Qu’en est-il du recrutement d'un DIT sur le marché belge?
“Le rôle du ‘DIT’ est aussi fréquemment assumé par un labo, dans la société de postproduction elle-même donc. L'inconvénient dans ce cas est que vous n'avez aucun contrôle, vous ne pouvez pas checker les images sur le plateau. Le matériau source est immédiatement chargé dans le post-house pour les back-ups et les conversions. Cela se fait beaucoup en Belgique, car les distances ici sont relativement courtes. Si vous travaillez sur une coproduction internationale - prenons, avec le Royaume-Uni, qui s'occupe de la postproduction à Londres - cela peut prendre des semaines avant que les images ne soient vérifiées pour la première fois. En combinaison avec les tarifs également plus élevés en Angleterre, le coût du DIT, par rapport à ce qu'ils reçoivent en retour, est prévisible pour les producteurs. En Belgique, on fait encore appel au travail de nuit, des livreurs qui travaillent tard, des assistants qui chargent des images jusqu'à l'aube. Si vous faites le calcul, le coût d'un DIT, sur l'ensemble du processus de production, ne sera pas supérieur. De plus, vous assurez la sécurité des images qui ont été tournées, un risque qui devient couvert.“
Les producteurs voient-ils déjà la plus-value d’un DIT ? Comment les convainquez-vous de cette valeur ajoutée ?
"Un producteur exécutif gère le budget du tournage, les jours de tournage. Les budgets de postproduction sont cependant alloués différemment. C’est ainsi que le coût du DIT est ajouté en tant que coût supplémentaire au budget de production, et c'est là que ça coince souvent ! Si vous réglez le DIT avec une posthouse, le producteur exécutif ne doit pas en tenir compte et cet aspect relève de la responsabilité du producteur. Il en résulte un surcoût considérable dans le budget de production. La numérisation coûte de l’argent en matériel supplémentaire et en personnes.

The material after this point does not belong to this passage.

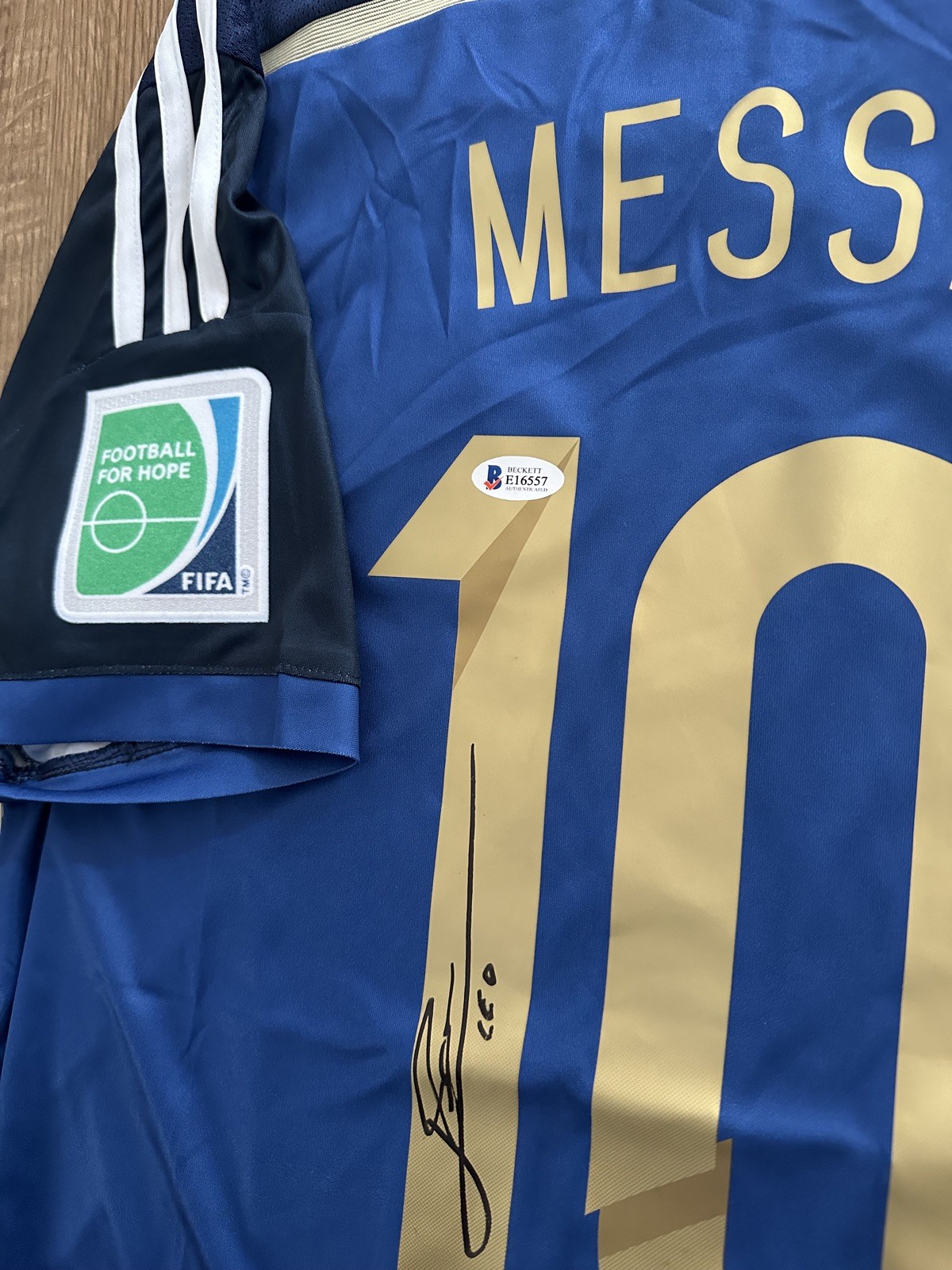 Lionel Messi Signed Argentina Shirt Beckett BAS Witnessed for sale on Ebay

A The Fridge, nous nous efforçons de toujours avoir une vue globale. Si l’ajout d’un DIT entraîne un coût dans le budget de production, il finira par disparaître aussi dans le budget de postproduction. Pour le producteur, cela se traduit par un simple changement de budget. Pour un producteur exécutif, cependant, c'est un peu plus complexe. Les responsables de production ne sont pas toujours conscients que le DIT a un impact sur l'efficacité du flux de travail général. Encore souvent, ils ont la fausse impression que cela crée plus de tâches à effectuer dans une situation de travail déjà stressante. A long terme, cet investissement représente un avantage pour les producteurs et nous constatons que cette prise de conscience augmente parmi eux.